Why I... stripped and created art that explores female sexual stereotypes

March 23, 2001

The Scarlett Project explores how erotic dancing can be used to influence how the female body is perceived. This project is a logical extension of my previous performance work and writing, filtered in a creative way through the theoretical perspectives of feminism and queer theory.

Its aim is to consider why so many old myths about female sexuality and its presentation in performance go unchallenged. I have been shocked at how much fuss can be stirred up by a naked female body in the 21st century. Is this also because that body is both sexualised and subjective as well as being creatively independent? Is it still so hard to imagine that these can all co-exist?

I have always been interested in the idea of stripping, initially as a "naughty" fantasy, inspired by the desire and fear involved in being seen as a sexual object. In my early 20s, as a feminist, I viewed sexual expression as fraught with dangers and ideological pitfalls -better to be avoided. I began to reconsider this position after coming into contact with other viewpoints. I also began to explore Eastern philosophy, which views sex and female sexuality much more positively.

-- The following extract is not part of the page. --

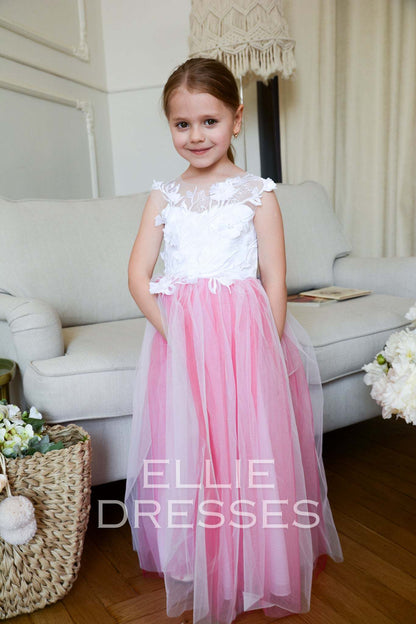 Raspberry Flower Girl Gown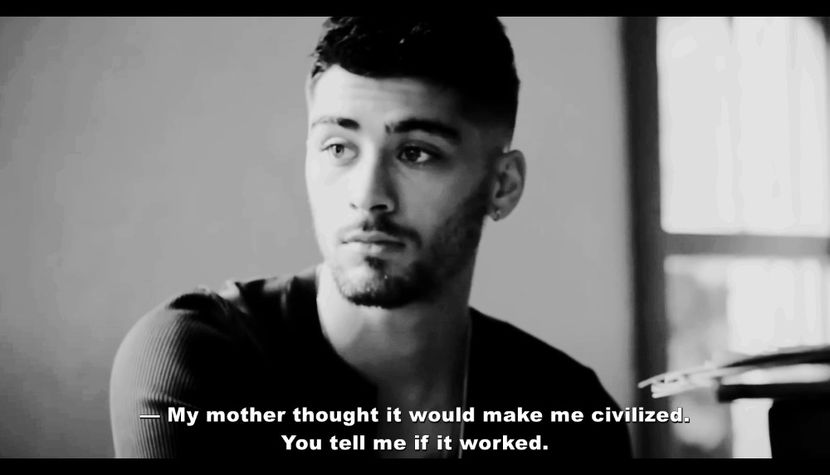 He exhales a quiet chuckle, fingers still moving. As he then glances at her, a smirk appears. - Can your heart be mine in search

The fact that I have done research in the sex industry means that my performance is valid in terms of my experience of the industry as well as in artistic terms, where it falls into the tradition of performance art as an area where, as Allan Kaprow says, "the line between art and life should be kept as fluid, and perhaps indistinct as possible".

The use of the character "Scarlett" to explore erotic dancing functions as a means of questioning the constructed nature of female identity in the sex and in the art world. I am interested in how Scarlett's experiences affect my experiences as an artist and vice versa.

I will develop a website for Scarlett in which I will invite dialogue with and responses from those who know me only as Scarlett. These responses will form the basis of a performance/installation. I will also engage in more formal academic debate and outcomes by writing about the work in academic journals from the perspective of a practitioner and a theorist. My academic work will be informed by my practical experience and will seek to show that cultural myths are not complex enough responses to life.

When I began creating solo performance work, I was inspired by other artists who had put their lives and bodies into the exploration of female sexuality, including Carolee Schneemann and Annie Sprinkle. When I looked at the representation of dancers in art and popular culture, I saw that it drew on a limited repertoire of stereotypes.

As a participant, I gained insights into how the sex industry conformed to the stereotypes. But while there were elements of truth in the stereotypes, there was also a great deal more diversity and satisfaction in the experience than one might have been led to expect. It is, as the US sex workers' support group Coyote states in its acronym, time to "call off your old tired ethics"!